Ihre regelmäßigen Treffen bei einer heißen Tasse Tee waren darüber hinaus jedoch auch zu einem Ritual geworden. Einem Ritual zwischen zwei engen Freunden, die einander so gut kannten und vertrauten wie kaum zwei andere Menschen. Sie waren zusammen alt geworden, hatten gemeinsam das Schicksal der Schule miterlebt, hatten Seite an Seite gegen die Dunkelheit unter der Herrschaft von Lord Voldemort gekämpft und taten dies nun erneut.....
Durch die hohen Fensterbogen drang das Licht eines verhangenen, kalten Nachmittags.Dunkle Wolken ballten sich über den Baumwipfeln des Verbotenen Waldes, und in der Entfernung konnte sie die Schüler erkennen, die von der letzten Unterrechtsstunde des Tages- Pflege Magischer Geschöpfe- kamen und in Richtung Eingangstor strömten. Alle trugen Mützen und Handschuhe, und Professor McGonagall konnte an den vielen hochgezogenen Schultern und verschränkten Armen erkennen, wie kalt es nun - kurz vor der Dämmerung- sein musste.
Nachdem sie dem Wasserspeier das Passwort gesagt hatte, stieg sie die schmale Treppe hoch und klopfte wenige Augenblicke später an die Bürotür von Dumbledore. Als sie in dessen freundlichen, warmen Raum trat, stand der alte Zauberer über einen dampfenden Teekessel gebeugt und hatte ihr den Rücken zugewandt. Er drehte sich jedoch sofort zu ihr um und lächelte.
"Ah, Minerva. Schön, Sie doch noch zu sehen. Ich glaube, das war das allererste Mal in all den Jahren, dass ich Ihnen eine zweite Eule schicken musste, um Sie an unseren Tee zu erinnern." Er wölbte seine weißen Augenbrauen. "Sie hatten es doch nicht vergessen?"

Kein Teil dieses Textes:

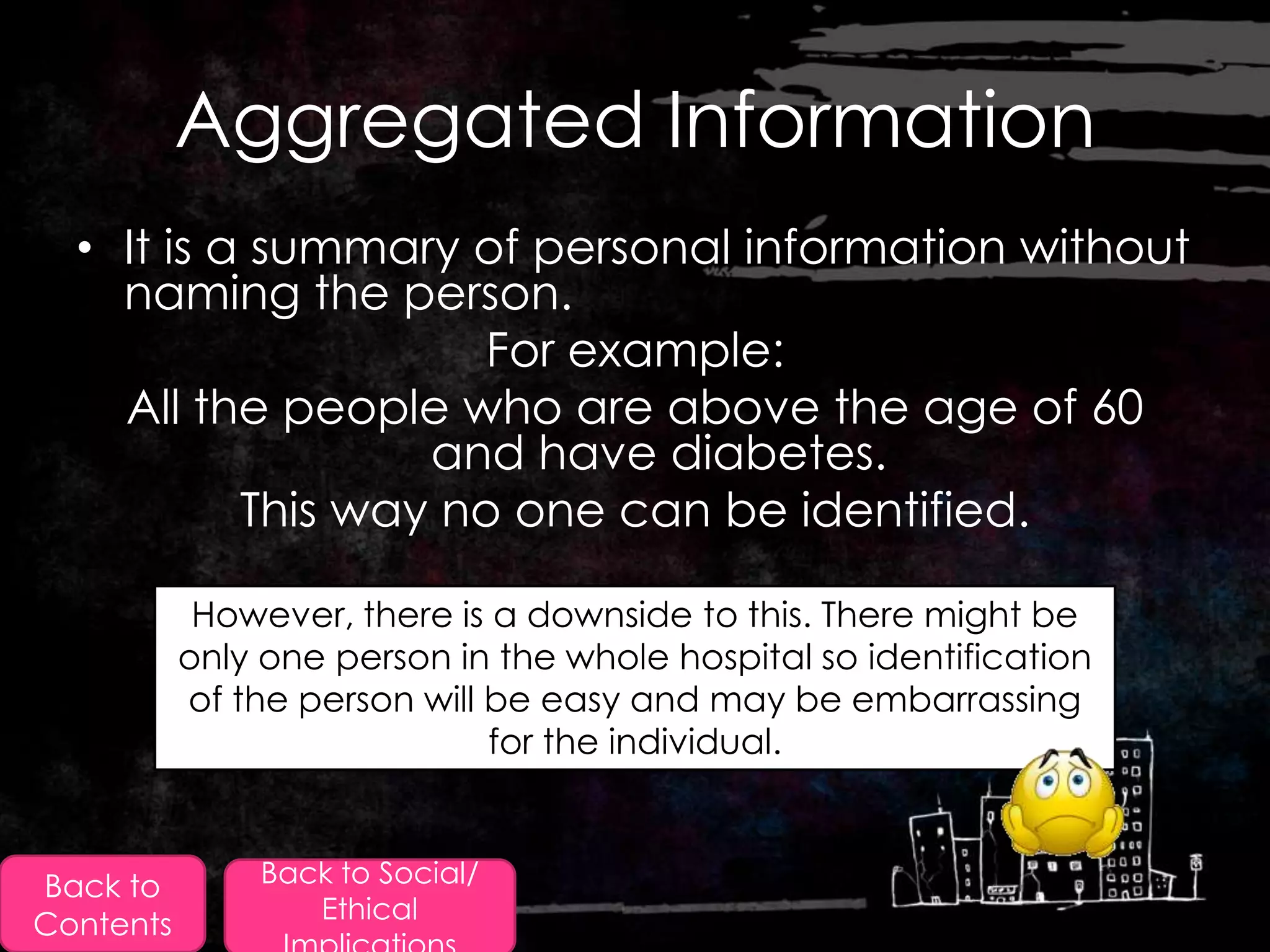 Aggregated Information
  • It is a summary of personal information without
    naming the person.
                      For example:
    All the people who are above the age of 60
                   and have diabetes.
           This way no one can be identified.

            However, there is a downside to this. There might be
           only one person in the whole hospital so identification
           of the person will be easy and may be embarrassing
                              for the individual.



Back to        Back to Social/
                  Ethical
Contents
 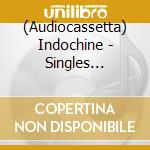 (Audiocassetta) Indochine - Singles Collection.. cd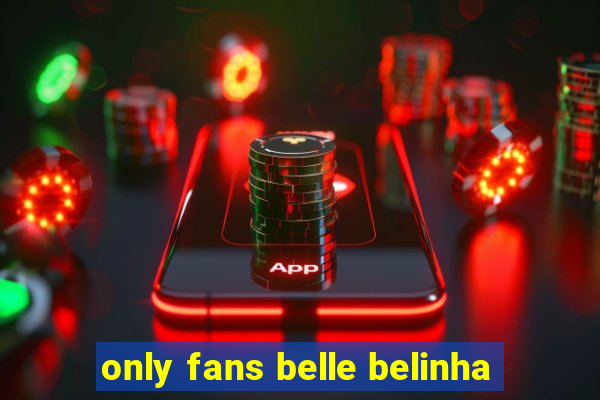 only fans belle belinha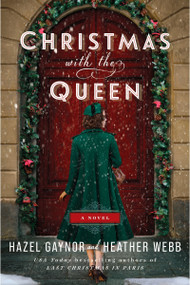 Christmas with the Queen (A Novel) by Hazel Gaynor, Heather Webb, 9780063411142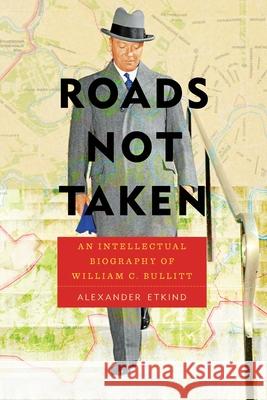 Roads Not Taken: An Intellectual Biography of William C. Bullitt Alexander Etkind 9780822965039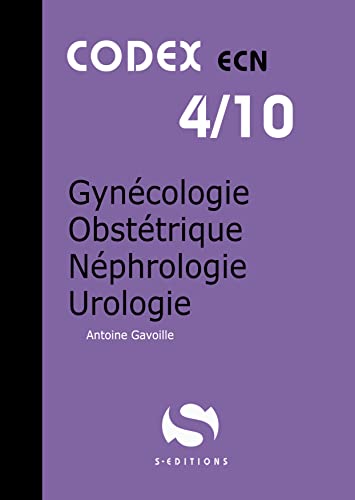 9782356401762: 4- Gyncologie-obsttrique-Nphrologie urologie: cdex ecn 4/10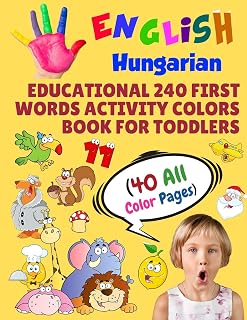 English Hungarian Educational 240 First Words Activity Colors Book for Toddlers (40 All Color Pages): New childrens learning cards for preschool ... (Toddler All Colors Paperback Book)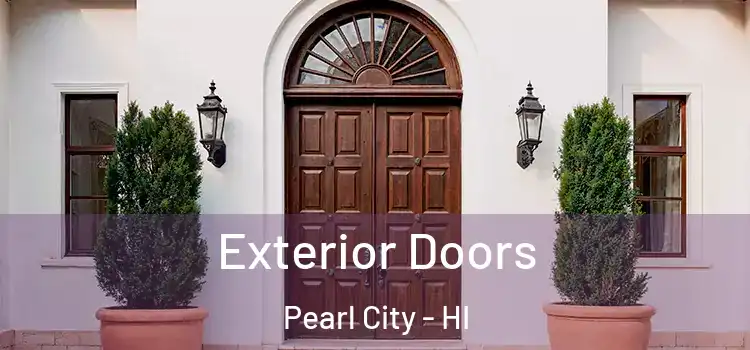 Exterior Doors Pearl City - HI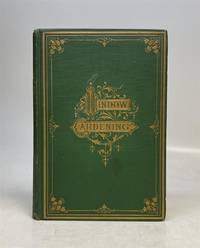 Window Gardening Devoted Specially to The Culture of Flowers and Ornamental Plants, for In Door Use and Parlor Decoration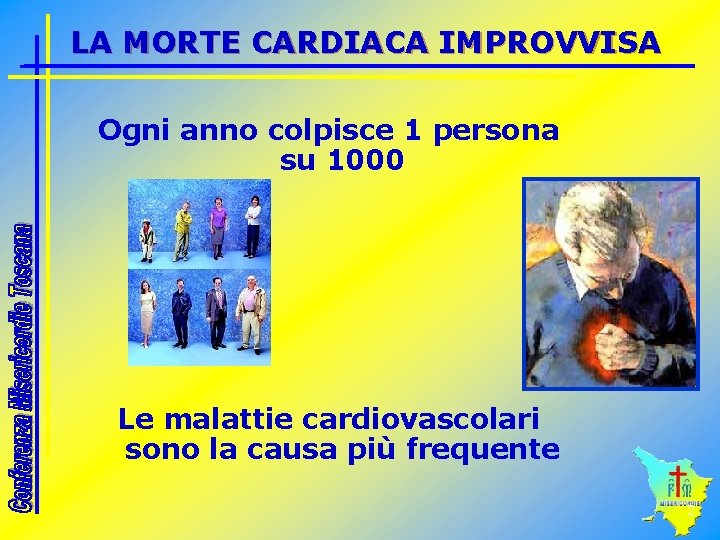 LA MORTE CARDIACA IMPROVVISA Ogni anno colpisce 1 persona su 1000 Le malattie cardiovascolari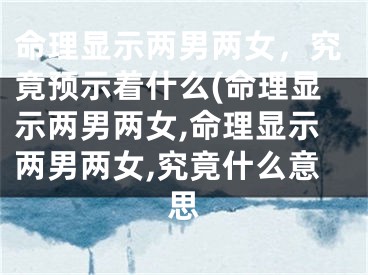 命理显示两男两女，究竟预示着什么(命理显示两男两女,命理显示两男两女,究竟什么意思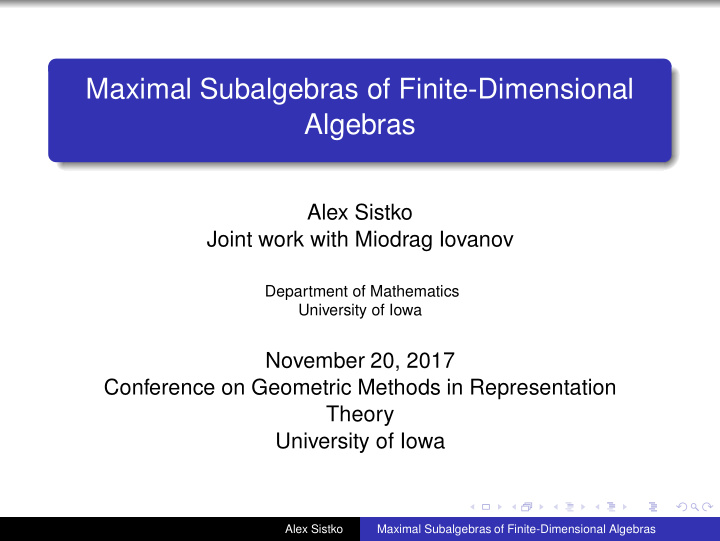 maximal subalgebras of finite dimensional algebras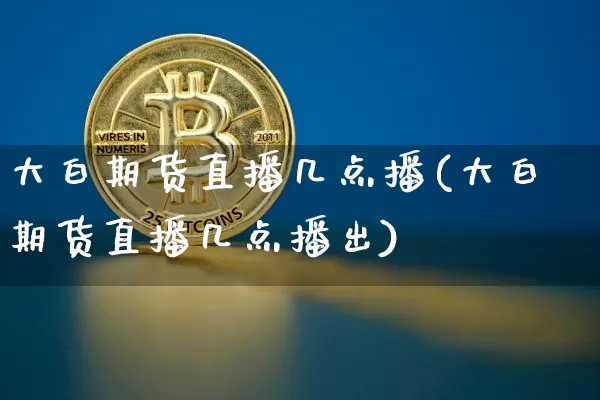 大白期货直播几点播(大白期货直播几点播出)_https://www.qldgs.com_原油期货_第1张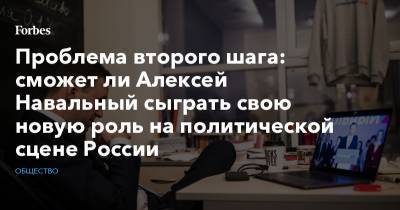 Владимир Путин - Алексей Навальный - Проблема второго шага: сможет ли Алексей Навальный сыграть свою новую роль на политической сцене России - forbes.ru - Россия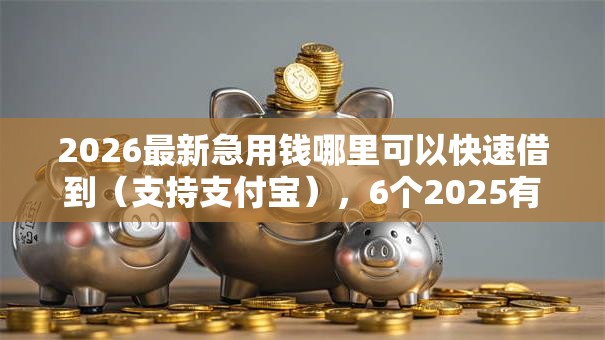 2026最新急用钱哪里可以快速借到(支持支付宝),6个2025有呆账能下款的口子无私分享 2026最新急用钱哪里可以快速借到(支持支付宝),6个2025有呆账能下款的口子无私分享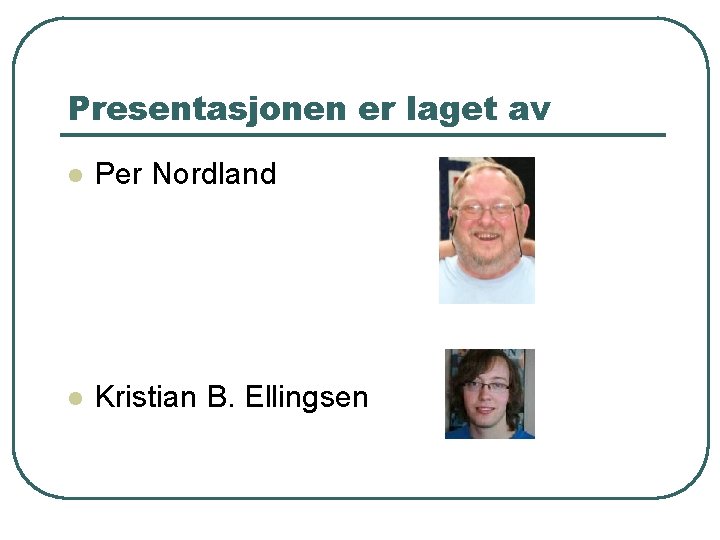 Presentasjonen er laget av l Per Nordland l Kristian B. Ellingsen 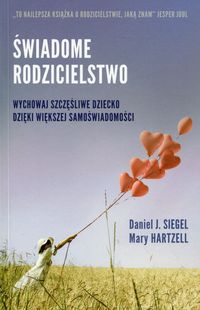Świadome rodzicielstwo. Wychowaj szczęśliwe dziecko dzięki większej samoświadomości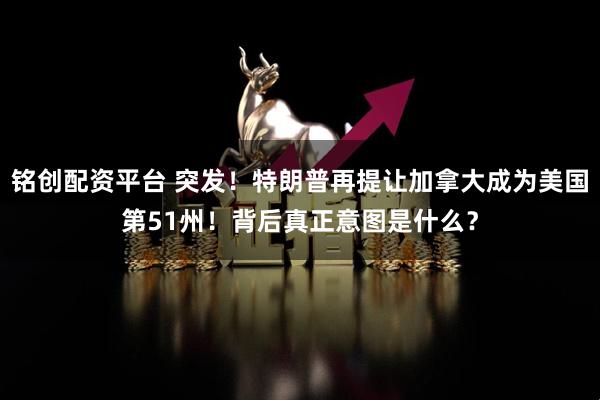 铭创配资平台 突发！特朗普再提让加拿大成为美国第51州！背后真正意图是什么？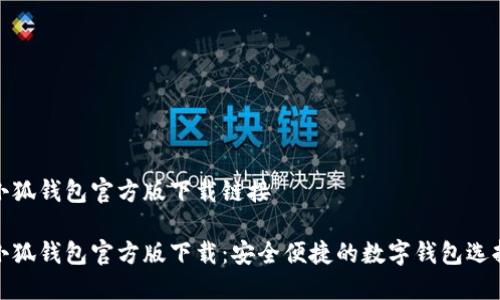 小狐钱包官方版下载链接

小狐钱包官方版下载：安全便捷的数字钱包选择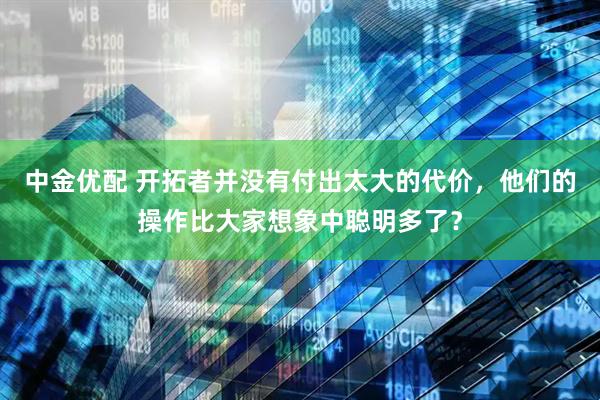 中金优配 开拓者并没有付出太大的代价，他们的操作比大家想象中聪明多了？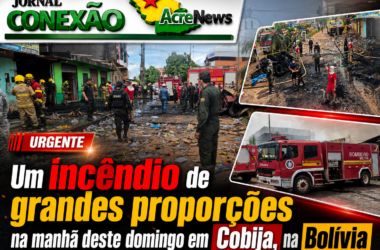 Acre mobiliza forças de segurança para apoiar combate a incêndio de grandes proporções em cidade boliviana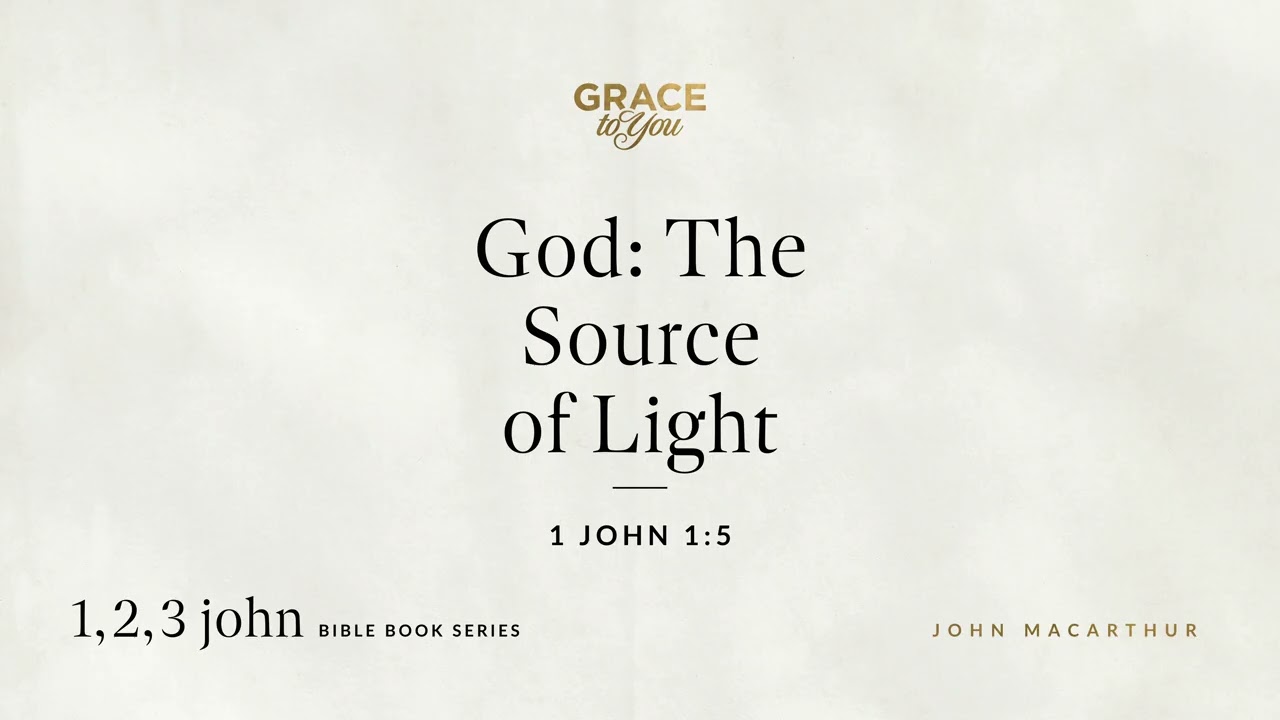 God: The Source of Light (1 John 1:5) John MacArthur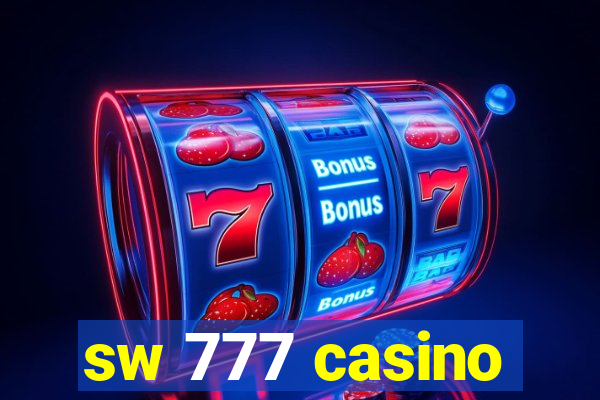 sw 777 casino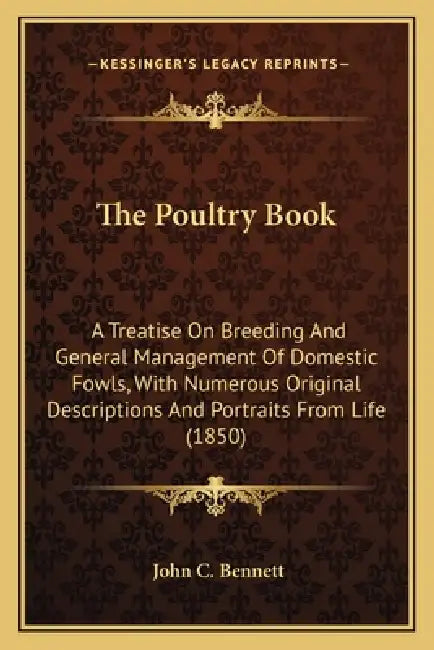 The Poultry Book: A Treatise On Breeding And General Management Of Domestic Fowls, With Numerous Original Descriptions And Portraits From Life (1850) by John C. Bennett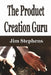 The Product Creation Guru by Jim Stephens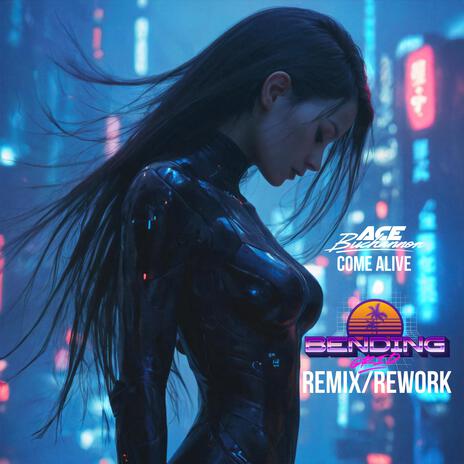 Come Alive (Bending Grid Rework) ft. Bending Grid | Boomplay Music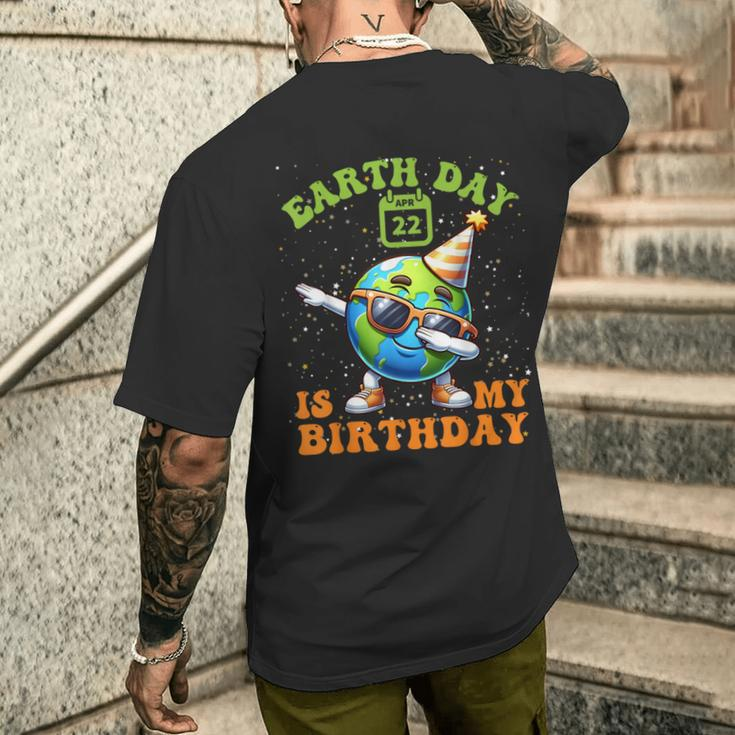 Happy Earth Day Is My Birthday Pro Environment Party Men's T-shirt Back Print Gifts for Him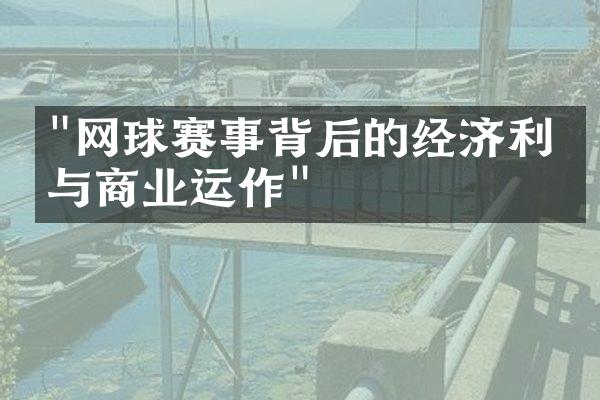 "网球赛事背后的经济利益与商业运作"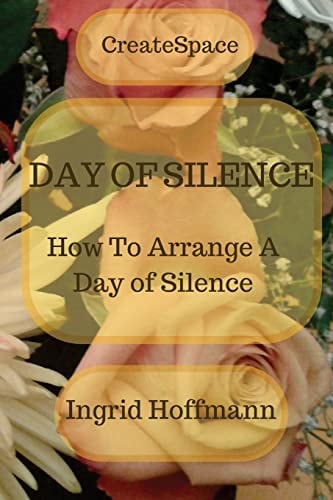 Day of Silence How to Arrange a Day of Silence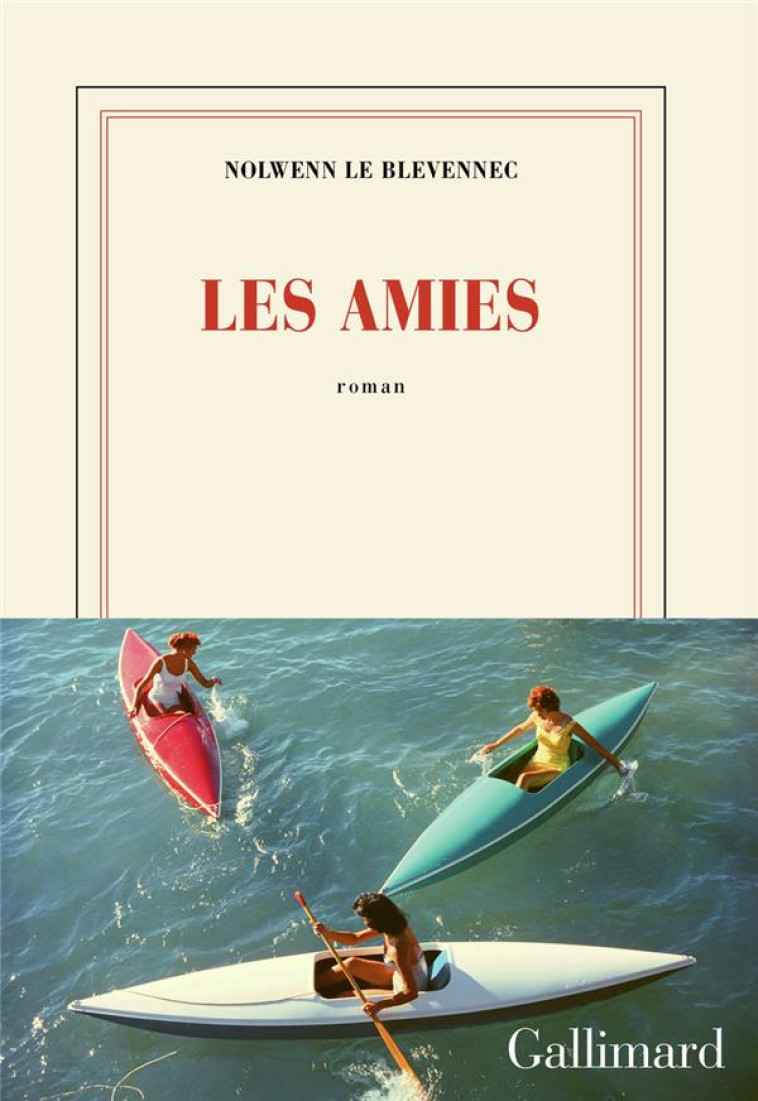 LES AMIES - LE BLEVENNEC NOLWENN - GALLIMARD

Die Lehrerin schüttelte den Kopf. "Gewiss nicht, Albus." seufzte sie. "Es muss an der Weihnachtszeit liegen, denke ich. Ich habe zuviel um die Ohren." Sie machte es sich in einem der Lehnstühle bequem und nahm die Teetasse entgegen, welche ihr Dumbledore entgegenhielt. Sie nippte vorsichtig an dem heißen Getränk und sah dann den Schulleiter erstaunt an. "Ich muss sagen, dass Sie mittlerweile ziemlich genau wissen, wie viel Honig ich in meinem Tee haben möchte, mein Lieber", stellte sie fest, und ihre Lippen zeigten die Andeutung eines Lächelns. Dumbledore hatte sich ihr gegenüber in einen Sessel sinken lassen und rührte bedächtig seinen Tee um. "So lange, wie wir uns bereits kennen, wäre es schon höchst ärgerlich, wüsste ich nicht, womit ich Ihnen eine Freude bereiten kann." erwiderte er schmunzelnd.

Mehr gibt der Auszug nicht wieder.